Speaking of which...
#3 - Seriously, what's the story about ice?
Is it because it's essentially more free water? I'm not sure I understand the confusion here. Cold. Beverage.
Often, European shop fridges are even set barely above room temperature. There's not too much worse than a flat, lukewarm soda or cocktail, especially on a summer's day.
#2 - Public Transport Hotboxes!!
Sticking with the theme of heat - if not also to the train seat - what the hell? Even many of the newest trains in Europe have sparse ventilation, no windows that open (why ever, why?!?!?!) and plenty of glass to pull sunlight into cars already crowded with human warmth generators. Aside from worrying about every toddler and old person I see riding an offending tram during the hottest days of summer, it's damn near a human rights violation for me. My systems do not care to swelter.

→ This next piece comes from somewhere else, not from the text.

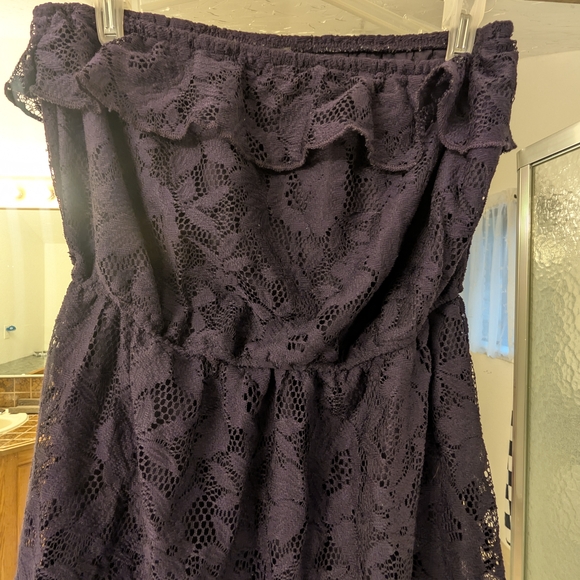 Trixxi Dark Purple Lace High-Low Dress - Picture 2 of 9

Wanna see me freaking out? Stick me in a packed, fully enclosed Swiss bus, the ones with extra glass but no windows, wearing long pants and a sportscoat, with near-100 readings on the thermometer and humidity index. Oh, you'd see it alright if I would ever allow that to happen again.
#1 - Comfortable Chairs
Erm... what happened to the back support in pretty much every upholstered chair/couch I sit in over here. Seriously, the piece of wood that supports the back end of the cushions apparently does not exist here - IKEA needs to recognize. Don't laugh, their stuff is everywhere.
If I'm 5-foot-10 and the Dutch are the tallest people in the world on average, I guess that explains the preponderance of for reals Chinese massage salons, acupuncturists, chiropractors and yoga teachers in Amsterdam. I surely can't be the only one over here with ass striving for the floor, knees up to elbows and a lower back DEFCON chart. It's not that rare for me to suddenly jump out of a chair and yell "No more!" like I have spine Tourette's.